[Collection entries]
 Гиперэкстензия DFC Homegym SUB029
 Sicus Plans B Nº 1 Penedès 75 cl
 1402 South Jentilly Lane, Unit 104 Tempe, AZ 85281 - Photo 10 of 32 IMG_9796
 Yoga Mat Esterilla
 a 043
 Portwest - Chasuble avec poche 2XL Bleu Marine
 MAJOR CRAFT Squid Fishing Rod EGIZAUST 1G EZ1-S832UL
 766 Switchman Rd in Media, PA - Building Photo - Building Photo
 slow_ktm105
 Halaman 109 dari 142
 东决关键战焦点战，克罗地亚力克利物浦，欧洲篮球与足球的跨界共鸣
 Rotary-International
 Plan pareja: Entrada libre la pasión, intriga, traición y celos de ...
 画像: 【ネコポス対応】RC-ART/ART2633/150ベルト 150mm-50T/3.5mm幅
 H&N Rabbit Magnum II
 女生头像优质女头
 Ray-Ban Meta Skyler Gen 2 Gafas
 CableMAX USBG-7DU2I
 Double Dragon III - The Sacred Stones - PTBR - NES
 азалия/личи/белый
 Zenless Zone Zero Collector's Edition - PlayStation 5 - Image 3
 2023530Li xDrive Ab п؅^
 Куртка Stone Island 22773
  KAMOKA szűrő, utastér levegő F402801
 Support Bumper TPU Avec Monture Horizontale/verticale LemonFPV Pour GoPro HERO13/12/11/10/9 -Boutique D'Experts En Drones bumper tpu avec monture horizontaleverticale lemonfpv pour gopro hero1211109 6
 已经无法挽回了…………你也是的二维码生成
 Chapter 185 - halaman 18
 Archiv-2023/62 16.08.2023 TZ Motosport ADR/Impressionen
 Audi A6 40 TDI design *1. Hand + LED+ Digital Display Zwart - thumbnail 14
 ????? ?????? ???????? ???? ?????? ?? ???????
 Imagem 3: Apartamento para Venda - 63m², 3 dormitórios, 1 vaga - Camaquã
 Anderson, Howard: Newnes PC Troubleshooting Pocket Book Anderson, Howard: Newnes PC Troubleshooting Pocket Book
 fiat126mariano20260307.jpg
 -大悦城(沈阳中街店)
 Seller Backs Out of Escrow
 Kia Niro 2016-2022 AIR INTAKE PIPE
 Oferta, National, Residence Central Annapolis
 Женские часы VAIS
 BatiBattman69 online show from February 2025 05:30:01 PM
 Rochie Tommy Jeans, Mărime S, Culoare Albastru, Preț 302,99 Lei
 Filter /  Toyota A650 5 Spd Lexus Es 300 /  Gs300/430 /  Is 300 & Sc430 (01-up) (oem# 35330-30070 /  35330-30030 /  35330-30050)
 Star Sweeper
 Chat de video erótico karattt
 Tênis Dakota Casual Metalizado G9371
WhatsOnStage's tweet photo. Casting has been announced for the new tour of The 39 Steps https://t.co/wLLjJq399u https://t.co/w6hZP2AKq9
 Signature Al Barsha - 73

[THE TASK] Could you write out all of the data again, exactly as given?

[OUTPUT FOR THIS EXERCISE]
 Гиперэкстензия DFC Homegym SUB029
 Sicus Plans B Nº 1 Penedès 75 cl
 1402 South Jentilly Lane, Unit 104 Tempe, AZ 85281 - Photo 10 of 32 IMG_9796
 Yoga Mat Esterilla
 a 043
 Portwest - Chasuble avec poche 2XL Bleu Marine
 MAJOR CRAFT Squid Fishing Rod EGIZAUST 1G EZ1-S832UL
 766 Switchman Rd in Media, PA - Building Photo - Building Photo
 slow_ktm105
 Halaman 109 dari 142
 东决关键战焦点战，克罗地亚力克利物浦，欧洲篮球与足球的跨界共鸣
 Rotary-International
 Plan pareja: Entrada libre la pasión, intriga, traición y celos de ...
 画像: 【ネコポス対応】RC-ART/ART2633/150ベルト 150mm-50T/3.5mm幅
 H&N Rabbit Magnum II
 女生头像优质女头
 Ray-Ban Meta Skyler Gen 2 Gafas
 CableMAX USBG-7DU2I
 Double Dragon III - The Sacred Stones - PTBR - NES
 азалия/личи/белый
 Zenless Zone Zero Collector's Edition - PlayStation 5 - Image 3
 2023530Li xDrive Ab п؅^
 Куртка Stone Island 22773
  KAMOKA szűrő, utastér levegő F402801
 Support Bumper TPU Avec Monture Horizontale/verticale LemonFPV Pour GoPro HERO13/12/11/10/9 -Boutique D'Experts En Drones bumper tpu avec monture horizontaleverticale lemonfpv pour gopro hero1211109 6
 已经无法挽回了…………你也是的二维码生成
 Chapter 185 - halaman 18
 Archiv-2023/62 16.08.2023 TZ Motosport ADR/Impressionen
 Audi A6 40 TDI design *1. Hand + LED+ Digital Display Zwart - thumbnail 14
 ????? ?????? ???????? ???? ?????? ?? ???????
 Imagem 3: Apartamento para Venda - 63m², 3 dormitórios, 1 vaga - Camaquã
 Anderson, Howard: Newnes PC Troubleshooting Pocket Book Anderson, Howard: Newnes PC Troubleshooting Pocket Book
 fiat126mariano20260307.jpg
 -大悦城(沈阳中街店)
 Seller Backs Out of Escrow
 Kia Niro 2016-2022 AIR INTAKE PIPE
 Oferta, National, Residence Central Annapolis
 Женские часы VAIS
 BatiBattman69 online show from February 2025 05:30:01 PM
 Rochie Tommy Jeans, Mărime S, Culoare Albastru, Preț 302,99 Lei
 Filter /  Toyota A650 5 Spd Lexus Es 300 /  Gs300/430 /  Is 300 & Sc430 (01-up) (oem# 35330-30070 /  35330-30030 /  35330-30050)
 Star Sweeper
 Chat de video erótico karattt
 Tênis Dakota Casual Metalizado G9371
WhatsOnStage's tweet photo. Casting has been announced for the new tour of The 39 Steps https://t.co/wLLjJq399u https://t.co/w6hZP2AKq9
 Signature Al Barsha - 73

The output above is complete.